Could we call war “an innovation?” That would be like praising a house fire for inspiring a better sprinkler system.
Yet war undeniably results in progress.
The economist might say war drives innovation through crisis. The anthropologist might say war emerges from resource competition. The philosopher might see war as the clash that creates synthesis.
They’re all describing the same elephant.
War isn’t natural or inevitable. It’s a technology we invented alongside class systems and written language. Like all technologies, it solved some problems while creating others.
And like all technologies, it becomes obsolete.

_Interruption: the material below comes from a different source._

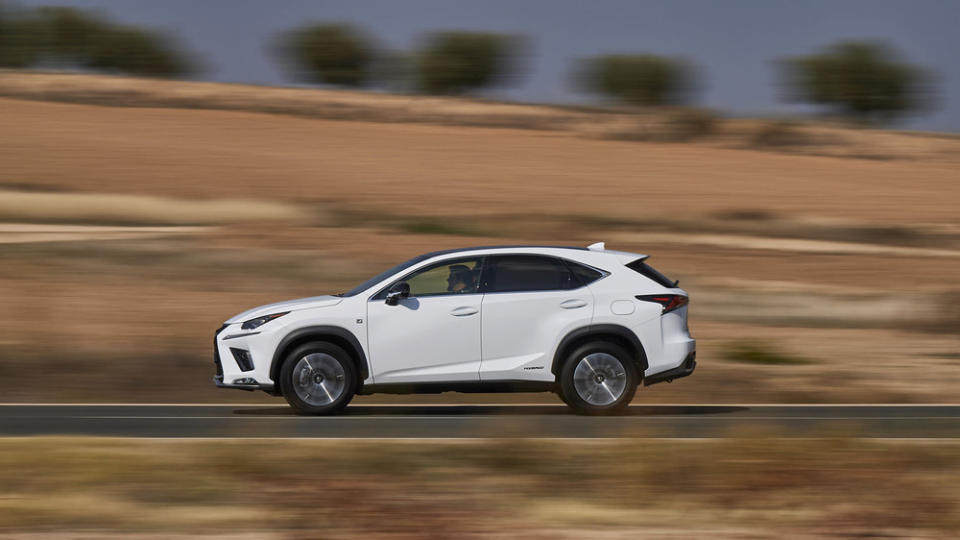 Mit den facegelifteten Modellen Lexus NX 300h und CT 200h will Toyotas Luxus-Tochter in Deutschland weiter wachsen. Obwohl im oberen Premium-Segment zu Hause, lässt der Verkaufserfolg nach wie vor zu wünschen übrig.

What if war is just a phase?
Material consciousness — our current operating system — thrives on separation, scarcity, and hierarchy. It's the perfect environment for conflict.
But consciousness evolves.
The most impressive human achievements now come from connection, not conquest. From networks, not hierarchies. From shared resources, not hoarded ones.
The most radical idea isn’t whether war creates progress.
It’s that we’ve outgrown the need for war to progress.
What are we to make of war?
Perhaps that it was a necessary but painful adolescence — a developmental stage that served its purpose but no longer fits the mature adults we’re becoming.
The question isn’t whether war made us who we are.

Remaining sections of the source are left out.